In Vivo Molecular-Level Investigation of Cellular Activities of Fission Yeast Using Raman Microspectroscopy and Imaging

• Main Authors: Chiu, Yu-fang, 邱郁芳
• Other Authors: 重藤真介
• Format: Others
• Language: en_US
• Published: 2011
• Online Access: http://ndltd.ncl.edu.tw/handle/90532731025404791508

碩士 === 國立交通大學 === 應用化學系碩博士班 === 99 === A number of physiological parameters and conditions profoundly influence the bioactivity of cells in various ways. Here, among these parameters and conditions, we investigated the effects of growth temperature and phase of the growth curve on the cellular activities of Schizosaccharomyces pombe by using Raman microspectroscopy and imaging, in vivo and at the molecular level.
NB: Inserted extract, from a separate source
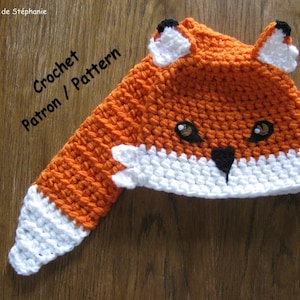 Crochet PATTERN fox hat, the tail is used scarf, easy to do, very cute and practical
First, in the study of the temperature effects on yeast Raman spectra, we focus on the variation of the intensity of the band at 1602 cm−1, which is a Raman band that is highly relevant to metabolic activities of the yeast cells. The result shows that at ~32 °C, the intensity of the 1602 cm−1 band begins to decrease gradually by approximately 45% and seems to reach a plateau above ~ 35 °C. This decrease in the 1602 cm−1 band intensity is indicative of lowered metabolic activity of the yeast cells at such high temperatures. Second, Raman imaging was performed on S. pombe cells in different growth phases, i.e., log and stationary phases, in order to examine how these growth phases affect molecular compositions and distributions in S. pombe cells. The observed Raman images revealed that the distributions of phospholipids and proteins are usually localized at the two sides of yeast cells in the stationary phase, while in the log phase, they appear to be more uniformly distributed over the whole cell. We interpret the localization of lipids in the stationary phase in terms of substantial energy storage in some particular regions of S. pombe cells. Compared with the stationary phase, the produced proteins and phospholipids may be consumed immediately for DNA duplication and other events, there may be no need for them to be stored in a large amount in the log phase. As a result, the cells do not show lipid localization as evidently as those in the stationary phase.